Uncertainty management
In a financial context, this is due to a failure of risk management. More specifically, a failure to understand what risk management domain one is operating in.
There are essentially three domains that one can find oneself in (see Keynes and Knight for a more in-depth discussion):
- Certainty. Existance of A gives certainty about existance of B. In probability terms, P(B|A) = 1 (or 0). If I wake up in the morning and see my laptop still sitting on my desk, I know with certainty that someone didn’t steal it overnight.
- Risk. Existence of A gives certainty about the probability of B. P(B|A) = C, where C is known. If I know a dice has 6 faces, I know the probability of rolling a 3 is 1/6.

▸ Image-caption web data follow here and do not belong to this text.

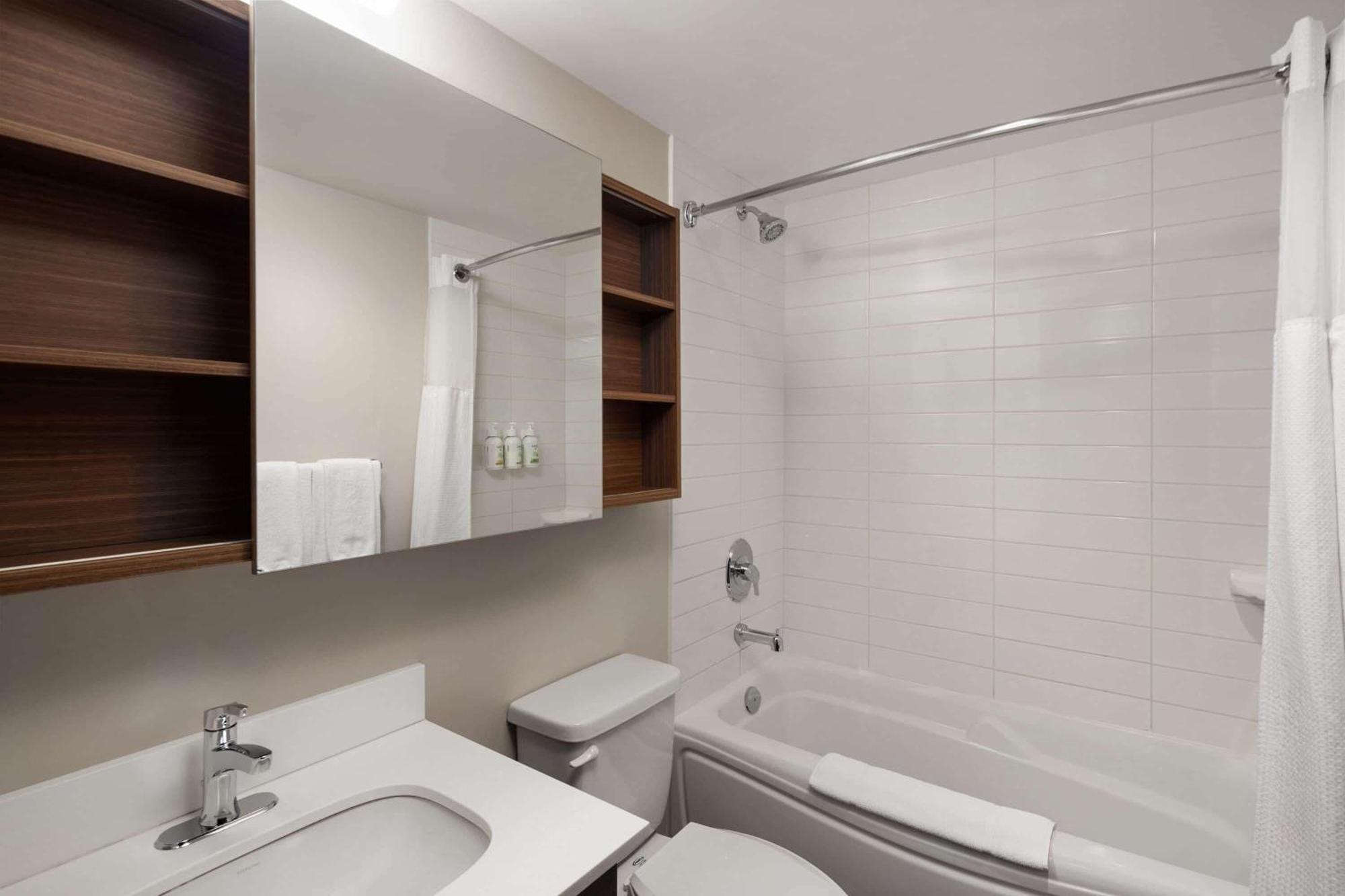 Microtel Inn & Suites By Wyndham Kirkland Lake Kültér fotó
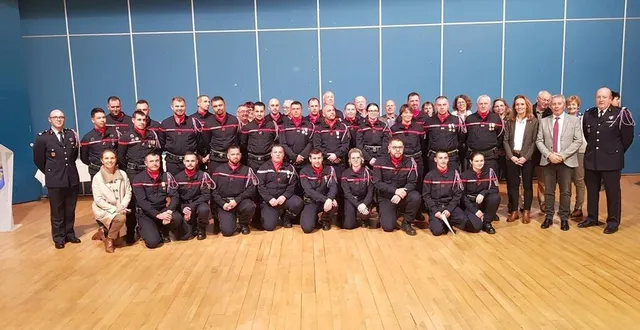 photo  traditionnelle mais incontournable photo de famille des sapeurs-pompiers de bonnétable.  &copy;  le maine libre 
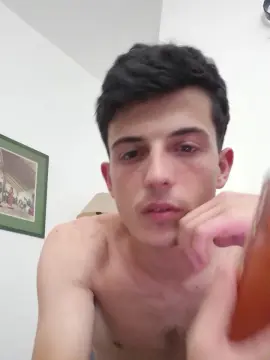 Cam4 Live Porn of nico3184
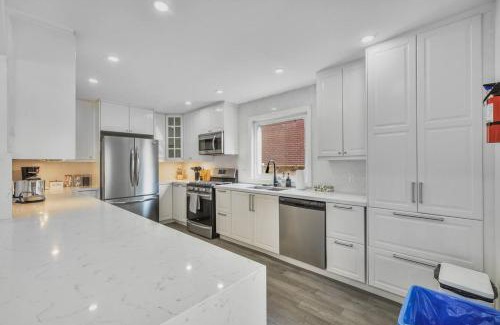 Whitby Casa | Luxe 4BR Retreat w Heated Pool Hot Tub and BBQ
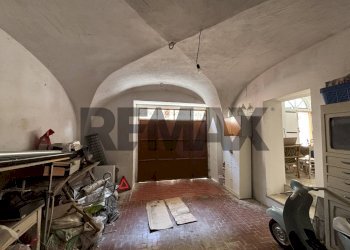 Hall / corridoio - Casa indipendente Corso Vittorio Emanuele Terzo
 
53, Pietradefusi - foto 3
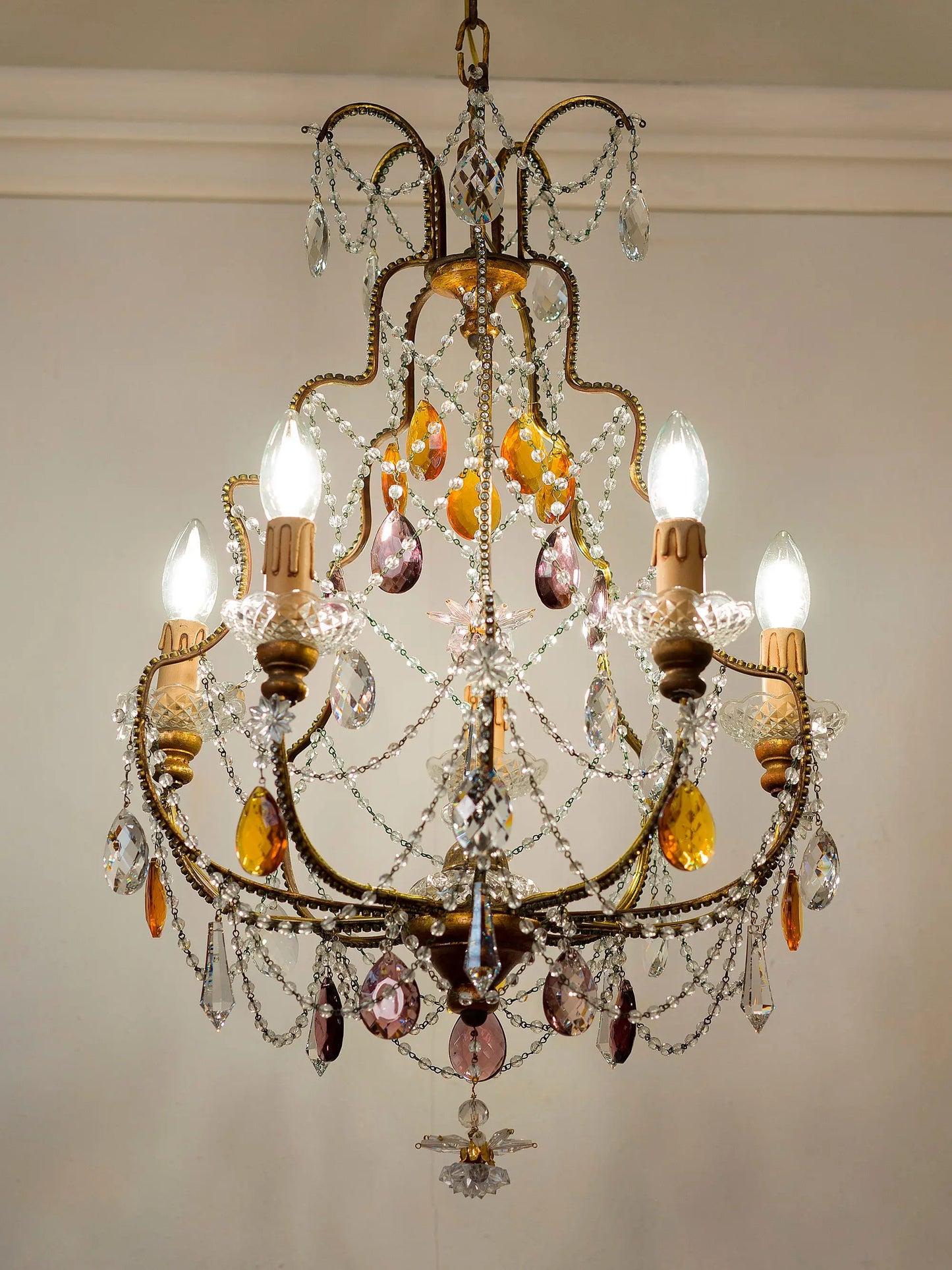 Lampadario classico da soffitto con Cristalli ametista e ambra | Lo-Stile-Italiano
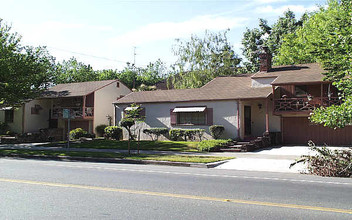 Capitol Cottages in Sacramento, CA - Building Photo - Building Photo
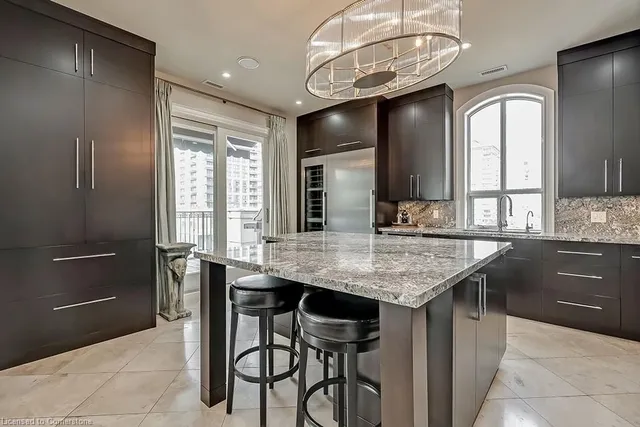 Additional property image - 445 Elizabeth St Unit PH1
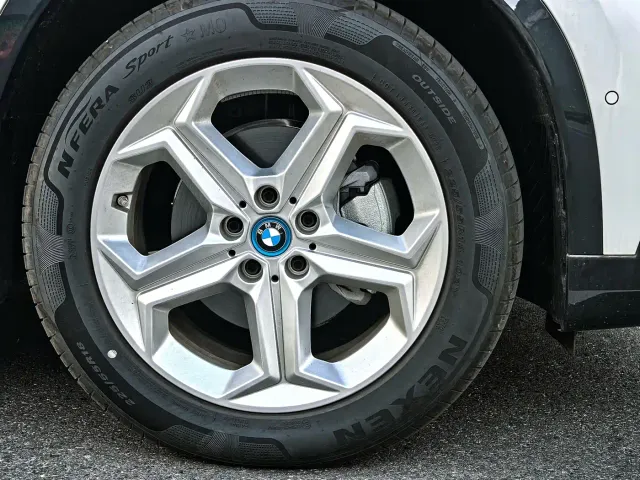 BMW iX1 — Фото автомобиля 20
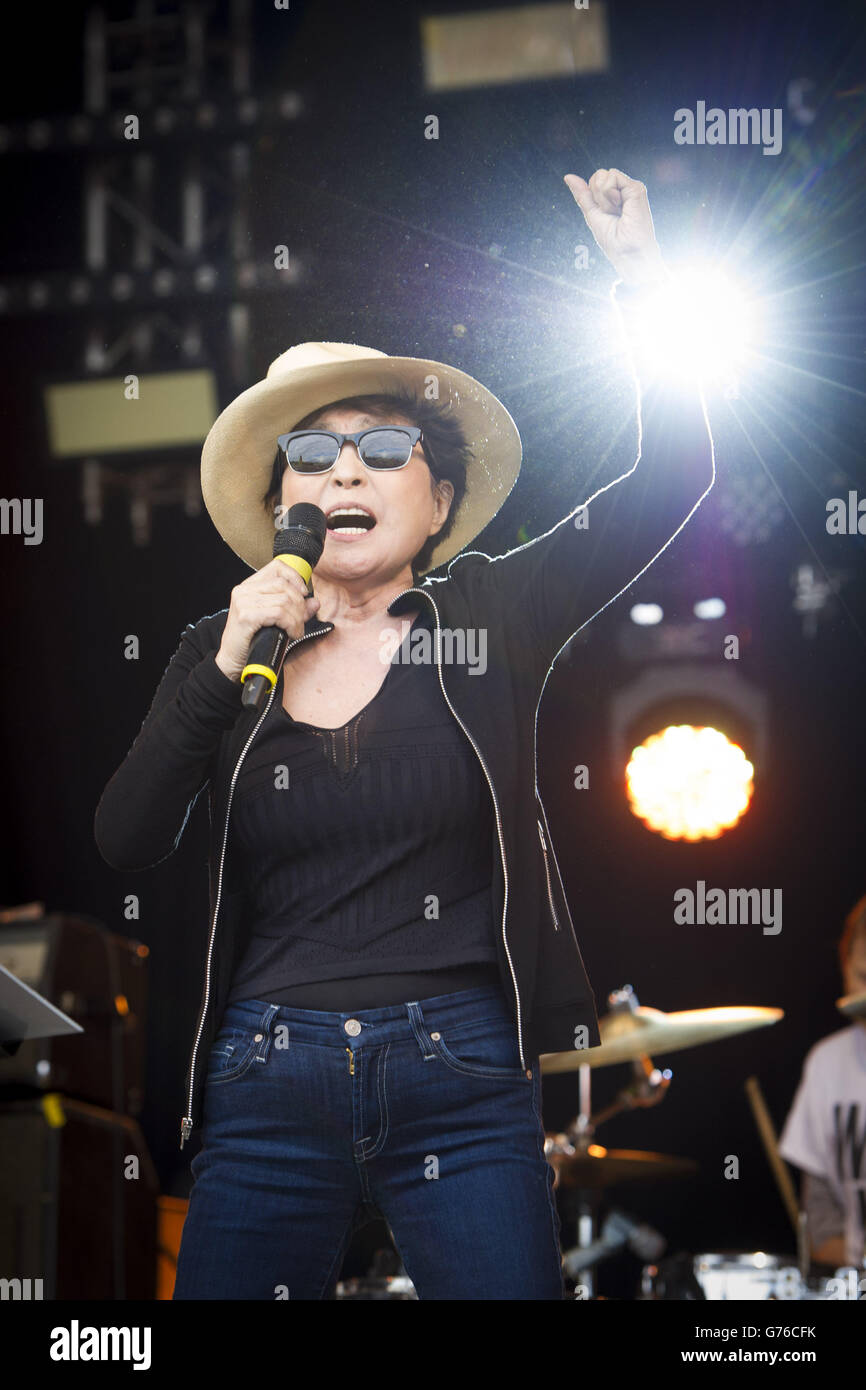 Yoko Ono se exécutant au Festival de Glastonbury, à la ferme digne de Somerset. Banque D'Images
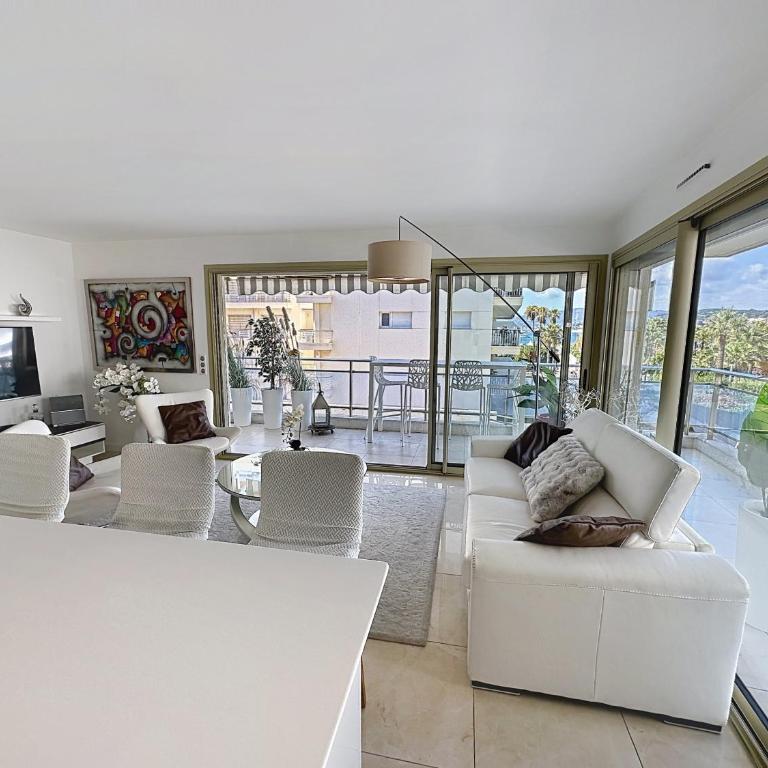 Bright 2-Bedroom apartment with terrace & parking - Appartement 2 Chambres avec Balcon et Vue sur la Mer - 7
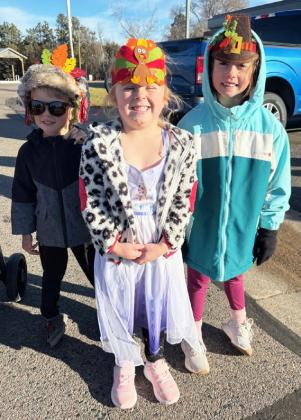 Burke Mundorf, Jordyn Cheney and Addison Mundorf festive and ready!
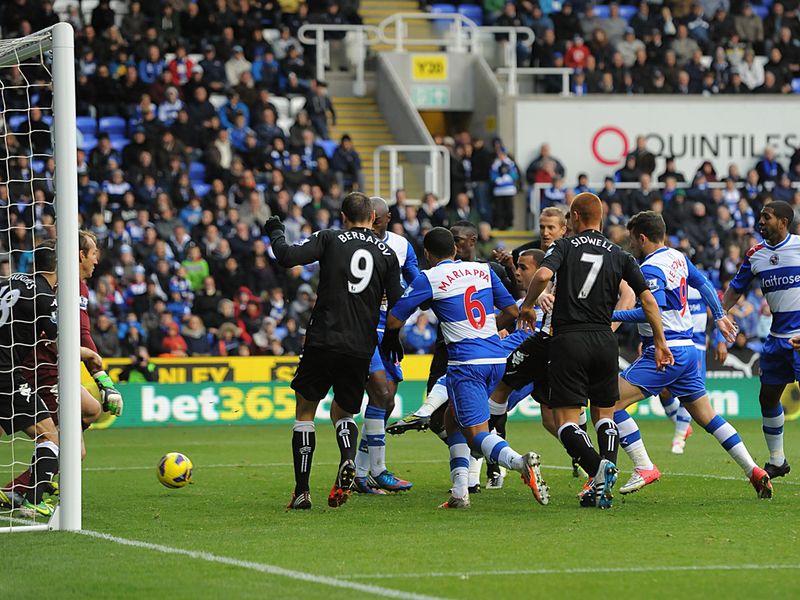 Fulham went 3-2 up but Hal Robson-Kanu scored to secure a 3-3 draw for Reading.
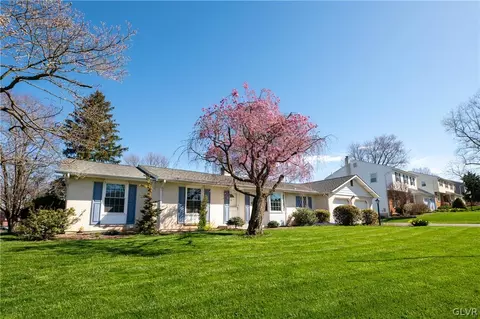 945 Franklin St, Emmaus, PA 18049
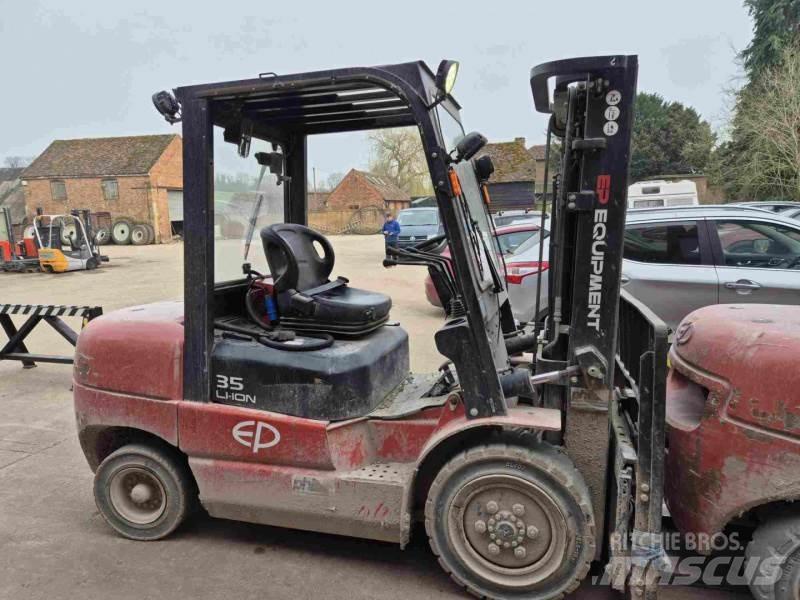 EP EFL352 410 HC Elektriniai šakiniai krautuvai
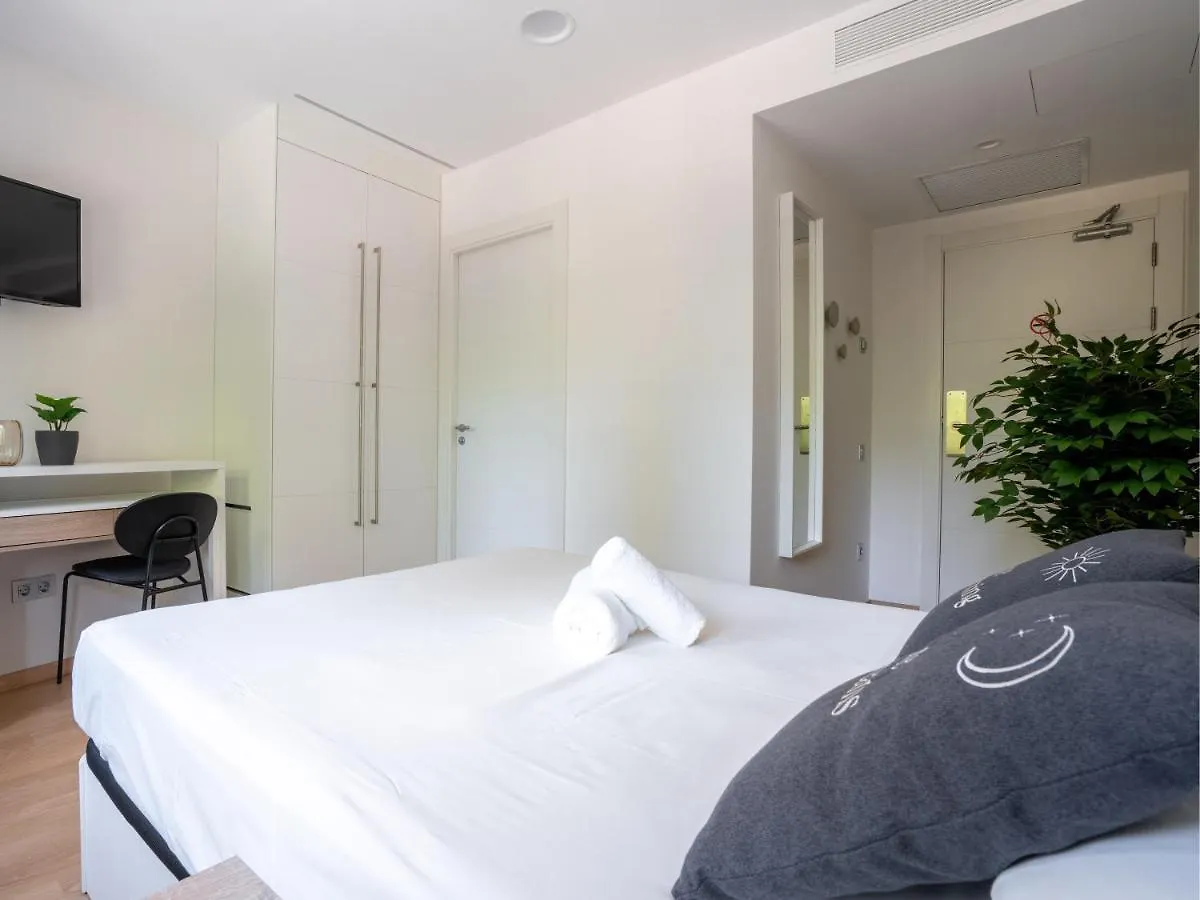 Limehome Barcelona Carrer De Fontcoberta - Digital Access Spain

- Uncertainty. Even if we know that A exists, the probability of B is still unknown.
The problem is that some believe they are operating in a domain of risk but in actuality, they are operating in a domain of uncertainty.
Generate THIS
One reason this happens is due to incorrect identification of the generating function of the distribution that produces the observations that we observe.
If one considers FTSE 100 price returns for the roughly 10-year period from the start of 2010 to late February 2020, one could be forgiven for assuming that the generating function produces almost normal observations. The distribution is pretty symmetrical with rare events roughly as uncommon as one would expect. From these 2,555 daily observations, it seems reasonable to conclude that the sample mean of 0.00016 (0.016%) and sample standard deviation of 0.0093 (0.93%) are a pretty good approximation for the true moments.
However, if we extend the sample period by just one month, we see that our normal approximation might not be that accurate after all. Something happened in late February 2020 (any ideas?) that produced some rather non-normal observations.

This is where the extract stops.